The Department of Revenue appeals the trial court’s order that adopted the hearing officer’s proposed order which failed to set an amount of child support that Ms. Hen-nessey must pay for the support of her first born child. Because the order on appeal fails to comply with the requirements of the child support guidelines statute, we reverse.
Ms. Hennessey gave birth to a son in 1998. That child is living with his father and allegedly receiving governmental assistance. The Department of Revenue filed this action to recover retroactive child support payments, administrative costs, and attorney’s fees, and to impose a prospective award of child support.
The record reflects that Ms. Hennessey is now married to another man. Following *443the birth of her first child, she worked as a waitress. She quit work during a difficult pregnancy, which resulted in the birth of her second child in February 2000. Neither Ms. Hennessey nor her husband want her to return to the workplace. They both want her to stay home to care for this new child until the child is school age.

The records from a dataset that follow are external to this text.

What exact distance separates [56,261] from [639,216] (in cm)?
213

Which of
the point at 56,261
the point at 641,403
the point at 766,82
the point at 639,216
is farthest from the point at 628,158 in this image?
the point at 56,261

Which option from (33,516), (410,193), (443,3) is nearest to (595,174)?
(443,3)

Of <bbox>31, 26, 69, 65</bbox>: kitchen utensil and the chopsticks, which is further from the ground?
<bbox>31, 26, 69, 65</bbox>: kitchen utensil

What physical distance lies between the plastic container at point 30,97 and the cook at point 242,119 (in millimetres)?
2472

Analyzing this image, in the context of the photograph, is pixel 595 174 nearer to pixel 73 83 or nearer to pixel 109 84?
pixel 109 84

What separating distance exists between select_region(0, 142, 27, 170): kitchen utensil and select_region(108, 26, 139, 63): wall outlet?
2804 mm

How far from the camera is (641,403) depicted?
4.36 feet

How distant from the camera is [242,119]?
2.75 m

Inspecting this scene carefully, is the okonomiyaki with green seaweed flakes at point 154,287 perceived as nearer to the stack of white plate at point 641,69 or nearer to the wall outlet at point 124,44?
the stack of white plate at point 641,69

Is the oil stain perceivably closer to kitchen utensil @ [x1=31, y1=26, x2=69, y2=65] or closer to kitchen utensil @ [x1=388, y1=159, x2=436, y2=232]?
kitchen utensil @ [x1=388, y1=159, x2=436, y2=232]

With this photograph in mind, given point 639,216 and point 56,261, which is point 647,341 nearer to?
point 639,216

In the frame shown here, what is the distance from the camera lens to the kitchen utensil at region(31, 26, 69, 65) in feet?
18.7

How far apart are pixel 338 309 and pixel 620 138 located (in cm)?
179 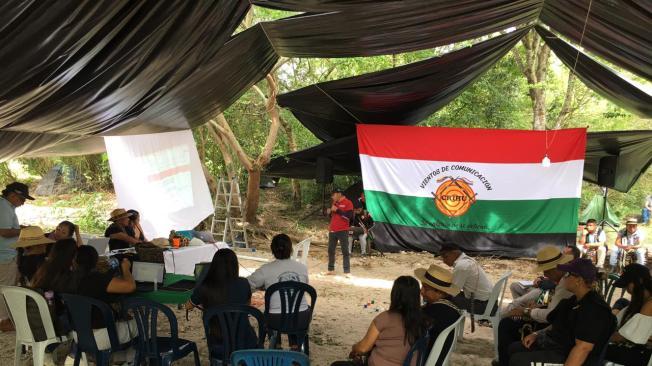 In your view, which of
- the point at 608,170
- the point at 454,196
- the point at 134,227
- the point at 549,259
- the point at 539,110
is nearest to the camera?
the point at 549,259

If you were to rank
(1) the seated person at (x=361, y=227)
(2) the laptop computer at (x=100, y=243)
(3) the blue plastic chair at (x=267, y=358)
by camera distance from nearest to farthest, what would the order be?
1. (3) the blue plastic chair at (x=267, y=358)
2. (2) the laptop computer at (x=100, y=243)
3. (1) the seated person at (x=361, y=227)

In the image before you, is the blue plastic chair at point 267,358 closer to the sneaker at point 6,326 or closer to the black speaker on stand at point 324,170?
the sneaker at point 6,326

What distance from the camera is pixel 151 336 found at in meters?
3.08

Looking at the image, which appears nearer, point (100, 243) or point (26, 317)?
point (26, 317)

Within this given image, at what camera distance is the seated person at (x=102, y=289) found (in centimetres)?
311

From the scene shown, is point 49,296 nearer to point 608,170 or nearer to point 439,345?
point 439,345

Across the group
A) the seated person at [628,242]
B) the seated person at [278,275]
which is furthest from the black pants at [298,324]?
the seated person at [628,242]

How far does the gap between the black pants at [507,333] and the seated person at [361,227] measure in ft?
19.6

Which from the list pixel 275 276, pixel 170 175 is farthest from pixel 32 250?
pixel 170 175

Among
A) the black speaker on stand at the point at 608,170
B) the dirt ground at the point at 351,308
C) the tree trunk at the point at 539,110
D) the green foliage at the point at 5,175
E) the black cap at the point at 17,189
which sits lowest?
the dirt ground at the point at 351,308

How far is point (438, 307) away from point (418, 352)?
345 millimetres

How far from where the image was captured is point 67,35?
7.71ft

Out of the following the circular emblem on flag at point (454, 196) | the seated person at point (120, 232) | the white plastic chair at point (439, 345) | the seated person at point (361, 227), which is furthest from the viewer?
the seated person at point (361, 227)

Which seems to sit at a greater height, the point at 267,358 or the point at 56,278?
the point at 56,278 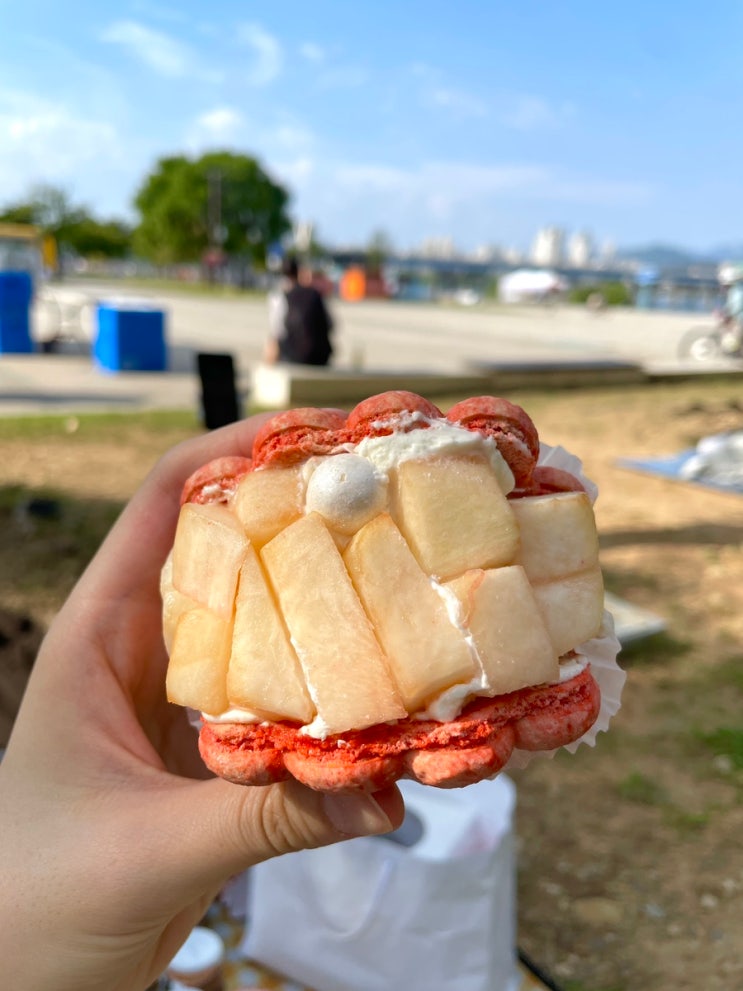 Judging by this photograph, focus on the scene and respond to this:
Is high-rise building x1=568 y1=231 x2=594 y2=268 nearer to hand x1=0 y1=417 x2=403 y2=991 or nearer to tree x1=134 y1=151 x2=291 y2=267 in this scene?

The trial court’s order, entered on July 18, 2000, specifically found that Ms. Hen-nessey had no ability to pay child support due to the birth of the subsequent child and that her present husband supported her in exchange for the daycare and homemaking services that she provided. The order did not deny child support either retroactively or prospectively, but “reserved” decision without explaining the terms and conditions of this reservation. The trial court denied rehearing on this order. We have concluded that such an unconditional reservation must be treated as a denial of child support.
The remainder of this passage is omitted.